BT Group, the largest broadband and mobile provider in Britain, has announced plans to cut up to 55,000 jobs, including contractors, by 2030. This reduction potentially represents over 40% of its workforce as the company finalizes its fibre roll-out and adjusts to emerging technologies like artificial intelligence (AI).
Under the leadership of CEO Philip Jansen, BT has been implementing a transformation plan aimed at establishing a national fibre network and launching high-speed 5G mobile services.
Despite reporting pro forma revenue and core earnings growth for the first time in six years, the costs associated with business transformation and the impact on free cash flow have negatively impacted the company’s shares, resulting in a 7% decline in morning trade.
Jansen outlined that once the fibre roll-out is complete, and the company digitises its operations, adopts AI, and streamlines its structure, BT will rely on a significantly smaller workforce and achieve a substantially reduced cost base by the end of the 2020s.
“New BT Group will be a leaner business with a brighter future,” he said.
BT Group has announced plans to reduce its workforce from 130,000 to between 75,000 and 90,000 by its 2030 financial year.
Out of the current employees, approximately 30,000 are contractors.
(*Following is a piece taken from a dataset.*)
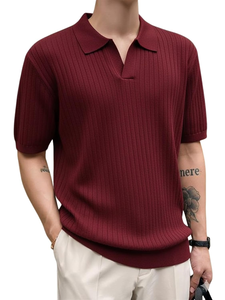 T-shirt en tricot à col côtelé décontracté pour homme |   Chemise à manches courtes coupe classique pour homme |   T-shirt en tricot plat texturé, parfait pour les occasions décontractées - Product Image 1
The company anticipates that the job cuts will accelerate as it finalises its fibre build and discontinues 3G services.
Jansen said the reduction in jobs will be a rolling programme, spanning a period of five to seven years. The changes are expected to align with a “landing zone” by the specified timeframe.
In a similar move, BT’s competitor Vodafone also revealed plans to cut 11,000 jobs globally to regain its competitive position.
Jansen explained that advancements in technology would lead to a decrease in the demand for network engineers, with approximately 10,000 fewer professionals required to manage digital networks.
Additionally, automation and AI are expected to replace another 10,000 positions.
According to Jansen, there are significant possibilities to leverage AI, and he described generative AI large language models as a groundbreaking advancement comparable to the advent of smartphones. He expressed BT’s intention to utilise AI to enhance customer service, prioritising customer requirements, and to capitalise on other potential business prospects.
“We’re not going to be in a situation where people feel like they’re dealing with a robot,” he said. “”We’ve got multichannel, we’re online, we have got 450 stores, that’s not planning on changing.”
Jansen, acknowledged that the company had made commendable strides in its full-year results, particularly considering the challenging macro-economic environment. Meeting market predictions, BT reported a 5% increase in adjusted core earnings, reaching £7.9 billion ($10 billion).
This growth was attributed to positive performance in networks and consumer businesses, which offset a decline in the enterprise segment.
However, BT experienced a 5% decrease in free cash flow (FCF), amounting to £1.3 billion, which fell at the lower end of its guidance. This decline can be attributed to higher cash capital expenditure.
Furthermore, the projected free cash flow for 2024 was below analysts’ expectations, indicating a more conservative outlook for the company’s cash flow generation in the coming years.
Simon Lowth, the Chief Financial Officer of BT, announced that the company intends to allocate the funds generated from the British government’s new tax expensing to support its network expansion and facilitate customer connectivity through fibre.
As a result, the projected free cash flow for the year is estimated to be between £1.0 billion and £1.2 billion, which falls below market expectations of £1.22 billion.
BT’s networks division, Openreach, has reaffirmed its commitment to connecting 25 million premises with ultra-fast full-fibre connections by the end of 2026.
The company has been making substantial investments to accelerate the deployment of its fibre network, outpacing competitors like Virgin Media O2 and smaller alternative networks.
Furthermore, BT anticipates growth in both revenue and core earnings on a pro forma basis for the current year.